人気マンガ「ゴールデンカムイ」のアイヌ語監修を務めている著者が、アイヌ文化やアイヌ語、アイヌの世界観について記した入門書。随所に「ゴールデンカムイ」の場面が引用されている。
アイヌ語では「見る」には二種類あって、「テレビを見る」「本を見る」のように、見るものが前もってわかっている場合はヌカㇻという語を使い、「窓の外を見る」「遠くのほうを見る」のように、何が見えるかは見た後でわかるような場合にはインカㇻという語を使うことになっています。
カムイは本来魂だけの姿でカムイの世界にいて、そこから人間の世界にやってくるわけですが、そこに戻る時にも肉体から離れて魂の姿になって戻らなければなりません。それも自分の力で肉体から抜け出すことはできず、人間の手で解放してもらわなければならないことになっています。それが狩猟であり、木を切ることであり、山菜を採取することであるのです。

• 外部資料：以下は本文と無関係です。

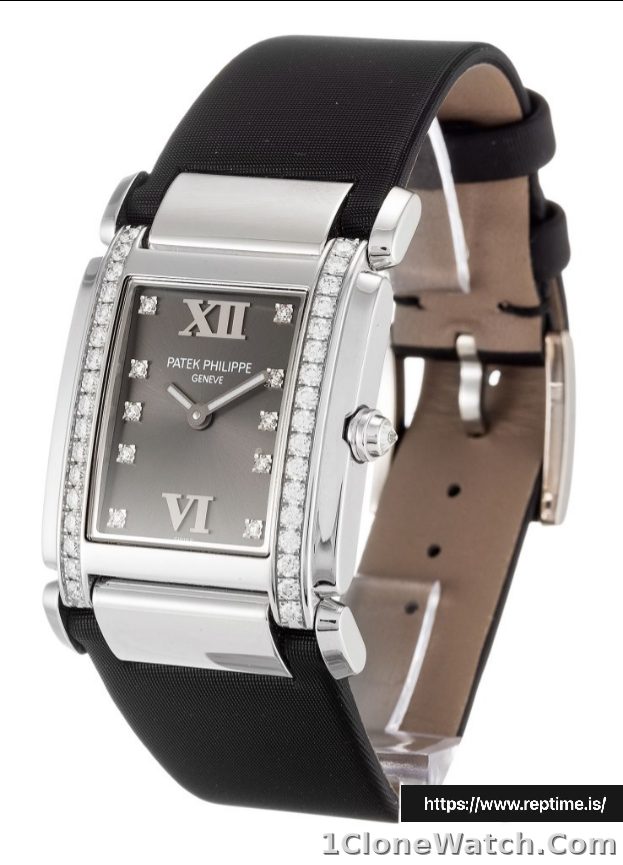 Patek Philippe Twenty-4 4920G Women Quartz 25 MM - detail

アイヌモシリというと、普通は人間が暮らしているこの世界ということで、カムイモシリ「カムイの世界」に対置されるものです。近年では日本語の文脈の中で「北海道」を表すのに使われることがありますが、アイヌ語のテキストの中でそういう意味で使われている例はほとんどありません。
どれも、非常にわかりやすい説明だと思う。アイヌモシリ=北海道という捉え方は、アイヌの人に寄り添っているように見えながら、実はアイヌの世界を矮小化してしまう危険性を孕んでいることを初めて知った。
2019年3月20日、集英社新書、900円。